En Twitter, esta sensación también se da en las noticias. La crítica de Benjamin sobre la información ahora es pintoresca. El bucle retroalimentado por Twitter y las noticias por cable nos ha dejado en una suerte de purgatorio informativo.

Los tuits publicados hace horas y días resurgen misteriosamente para acechar el presente.

Actualmente, incluso nuestras fantasías culturales sobre el final están mutando para hacerse infinitas. En su obra de crítica literaria The Sense of an Ending, Frank Kermode escribió sobre la relación entre los finales literarios, las muertes de los personajes y la antigua fascinación humana con las fantasías apocalípticas.
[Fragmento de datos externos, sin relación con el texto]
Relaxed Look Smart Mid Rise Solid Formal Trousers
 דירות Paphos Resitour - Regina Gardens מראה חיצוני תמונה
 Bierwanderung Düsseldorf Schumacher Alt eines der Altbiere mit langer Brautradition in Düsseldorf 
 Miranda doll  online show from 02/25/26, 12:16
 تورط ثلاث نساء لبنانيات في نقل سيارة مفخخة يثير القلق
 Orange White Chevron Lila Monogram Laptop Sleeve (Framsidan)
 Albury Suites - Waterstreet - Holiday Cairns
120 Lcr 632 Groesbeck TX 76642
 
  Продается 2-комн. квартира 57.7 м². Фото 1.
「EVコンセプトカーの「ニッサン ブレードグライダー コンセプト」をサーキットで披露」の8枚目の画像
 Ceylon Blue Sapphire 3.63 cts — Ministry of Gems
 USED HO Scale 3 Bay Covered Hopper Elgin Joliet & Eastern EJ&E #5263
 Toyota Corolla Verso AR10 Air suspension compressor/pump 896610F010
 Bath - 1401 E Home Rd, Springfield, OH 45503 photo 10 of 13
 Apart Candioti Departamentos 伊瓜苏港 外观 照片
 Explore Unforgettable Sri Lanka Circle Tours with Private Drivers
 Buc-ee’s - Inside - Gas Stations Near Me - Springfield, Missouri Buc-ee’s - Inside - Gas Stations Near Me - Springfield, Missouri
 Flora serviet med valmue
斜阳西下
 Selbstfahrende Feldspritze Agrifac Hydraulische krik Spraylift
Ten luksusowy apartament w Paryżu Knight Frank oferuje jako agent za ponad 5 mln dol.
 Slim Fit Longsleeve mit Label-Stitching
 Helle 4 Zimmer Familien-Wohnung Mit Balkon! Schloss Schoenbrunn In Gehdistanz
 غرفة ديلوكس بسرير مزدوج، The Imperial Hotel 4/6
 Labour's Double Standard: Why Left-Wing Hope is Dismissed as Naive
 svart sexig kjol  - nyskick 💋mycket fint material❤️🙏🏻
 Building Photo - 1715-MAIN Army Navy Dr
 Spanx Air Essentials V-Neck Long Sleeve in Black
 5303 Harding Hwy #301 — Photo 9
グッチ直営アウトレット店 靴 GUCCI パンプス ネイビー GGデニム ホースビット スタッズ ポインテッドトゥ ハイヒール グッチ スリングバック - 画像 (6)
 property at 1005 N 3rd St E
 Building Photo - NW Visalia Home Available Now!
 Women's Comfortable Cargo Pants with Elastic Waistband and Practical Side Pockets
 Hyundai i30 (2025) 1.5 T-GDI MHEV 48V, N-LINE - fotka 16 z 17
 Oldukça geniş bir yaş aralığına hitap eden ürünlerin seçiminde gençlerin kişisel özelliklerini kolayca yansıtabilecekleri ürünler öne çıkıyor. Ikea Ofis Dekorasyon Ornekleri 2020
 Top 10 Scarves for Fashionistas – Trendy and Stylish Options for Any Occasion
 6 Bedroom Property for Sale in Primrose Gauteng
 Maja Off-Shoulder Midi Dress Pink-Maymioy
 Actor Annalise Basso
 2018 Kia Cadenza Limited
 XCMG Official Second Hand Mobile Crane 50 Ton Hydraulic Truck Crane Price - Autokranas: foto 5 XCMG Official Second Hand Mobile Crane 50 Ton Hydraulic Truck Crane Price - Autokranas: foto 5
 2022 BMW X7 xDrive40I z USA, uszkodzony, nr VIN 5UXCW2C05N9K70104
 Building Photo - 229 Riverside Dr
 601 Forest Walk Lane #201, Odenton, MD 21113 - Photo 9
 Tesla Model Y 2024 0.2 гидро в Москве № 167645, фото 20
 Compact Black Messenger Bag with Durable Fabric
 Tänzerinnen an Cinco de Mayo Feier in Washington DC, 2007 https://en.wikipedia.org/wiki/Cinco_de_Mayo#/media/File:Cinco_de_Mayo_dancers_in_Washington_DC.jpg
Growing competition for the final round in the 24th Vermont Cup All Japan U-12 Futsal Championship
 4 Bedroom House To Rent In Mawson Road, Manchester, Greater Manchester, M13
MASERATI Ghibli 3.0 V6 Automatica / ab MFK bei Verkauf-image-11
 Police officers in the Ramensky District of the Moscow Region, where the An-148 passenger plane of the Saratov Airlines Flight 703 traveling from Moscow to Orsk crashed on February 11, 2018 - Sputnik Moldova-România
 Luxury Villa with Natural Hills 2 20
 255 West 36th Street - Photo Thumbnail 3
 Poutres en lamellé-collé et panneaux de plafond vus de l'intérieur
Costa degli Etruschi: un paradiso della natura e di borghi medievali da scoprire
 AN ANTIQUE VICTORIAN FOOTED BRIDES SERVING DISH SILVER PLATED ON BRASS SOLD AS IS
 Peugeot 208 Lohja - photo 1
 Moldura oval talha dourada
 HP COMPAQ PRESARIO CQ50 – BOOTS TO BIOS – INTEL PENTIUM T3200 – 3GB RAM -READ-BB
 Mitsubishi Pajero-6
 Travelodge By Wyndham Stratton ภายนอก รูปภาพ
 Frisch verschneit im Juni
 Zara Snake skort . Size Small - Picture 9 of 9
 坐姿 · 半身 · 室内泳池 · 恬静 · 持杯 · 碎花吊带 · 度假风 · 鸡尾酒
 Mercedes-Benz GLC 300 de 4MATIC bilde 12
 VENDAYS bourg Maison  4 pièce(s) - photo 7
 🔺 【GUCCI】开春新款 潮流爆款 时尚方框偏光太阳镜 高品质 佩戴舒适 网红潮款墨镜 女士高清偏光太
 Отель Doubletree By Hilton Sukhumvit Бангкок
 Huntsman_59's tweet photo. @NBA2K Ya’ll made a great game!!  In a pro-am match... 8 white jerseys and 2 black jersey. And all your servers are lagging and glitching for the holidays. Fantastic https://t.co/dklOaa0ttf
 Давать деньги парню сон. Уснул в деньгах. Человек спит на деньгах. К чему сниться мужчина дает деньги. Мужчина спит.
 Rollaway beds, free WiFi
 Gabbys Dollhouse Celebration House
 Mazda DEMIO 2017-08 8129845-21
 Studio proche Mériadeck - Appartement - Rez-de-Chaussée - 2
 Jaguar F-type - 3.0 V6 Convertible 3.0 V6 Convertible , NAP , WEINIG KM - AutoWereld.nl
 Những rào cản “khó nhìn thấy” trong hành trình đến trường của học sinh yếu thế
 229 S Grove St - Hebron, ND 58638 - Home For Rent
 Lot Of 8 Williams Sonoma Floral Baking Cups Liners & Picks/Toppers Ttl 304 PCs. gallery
Así como la novela le impone una estructura a la experiencia humana, la especulación sobre un apocalipsis inminente busca que un patrón encaje en toda la historia. Sin embargo, ahora nuestros lamentos medio irónicos en Twitter excluyen las metáforas del fin del mundo con otras que sugieren que el tiempo ha implosionado: “Vivimos en la línea de tiempo más estúpida”.

Para los mercadólogos de Hollywood, el atractivo de lo infinito es evidente. Para los creadores, puede ser una oportunidad tentadora: un nuevo comienzo.